This combo of photos provided by FBI Denver via @FBIDenver shows missing person Gabrielle &quot ...

Mayat di Wyoming diyakini sebagai Gabrielle Petito, pacar yang dicari

MOOSE, Wyo. — Pihak berwenang mengatakan mayat yang ditemukan hari Minggu di Wyoming diyakini sebagai Gabrielle “Gabby” Petito, yang menghilang saat dalam perjalanan lintas negara dengan seorang pacar yang telah diidentifikasi oleh pihak berwenang sebagai orang yang menarik dan sekarang sedang dicari dalam cagar alam Florida.

FBI mengatakan mayat itu ditemukan oleh agen penegak hukum yang telah menghabiskan dua hari terakhir mencari di perkemahan.

Penyebab kematian belum ditentukan, kata Agen Khusus Pengawas FBI Charles Jones.
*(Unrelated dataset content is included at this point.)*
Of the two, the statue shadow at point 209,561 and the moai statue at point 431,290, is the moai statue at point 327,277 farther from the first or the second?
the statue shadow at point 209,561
“Identifikasi forensik lengkap belum selesai untuk mengkonfirmasi 100% bahwa kami menemukan Gabby, tetapi keluarganya telah diberitahu,” kata Jones. “Ini adalah waktu yang sangat sulit bagi keluarga dan teman (Petito).”

Seorang pengacara yang selama ini bertindak sebagai juru bicara keluarga Petito meminta dalam keterangannya agar keluarga diberi ruang untuk berduka.

Pengacara Richard Benson Stafford mengindikasikan bahwa keluarga akan membuat pernyataan publik di kemudian hari, dan dia berterima kasih kepada pejabat FBI, Pencarian dan Penyelamatan Grand Teton dan lembaga lain yang berpartisipasi dalam pencarian Petito.

“Keluarga dan saya akan selamanya berterima kasih,” kata Stafford dalam sebuah pernyataan.

Area perkemahan yang belum dikembangkan di sisi timur Grand Teton yang berbatasan dengan kawasan hutan nasional akan tetap ditutup sampai pemberitahuan lebih lanjut sementara penyelidikan berlanjut, kata Jones.

Jones mengatakan penyelidik masih mencari informasi dari siapa saja yang mungkin melihat Petito atau Brian Laundrie di sekitar lokasi kamp, ​​area yang sama yang menjadi subjek upaya pencarian penegak hukum selama akhir pekan.

Petito dan pacarnya, Laundrie, pergi pada bulan Juli dalam perjalanan lintas alam dengan van yang diubah untuk mengunjungi taman nasional di AS Barat. Polisi mengatakan Laundrie sendirian ketika dia mengendarai van kembali ke rumah orang tuanya di North Port, Florida, pada 1 September.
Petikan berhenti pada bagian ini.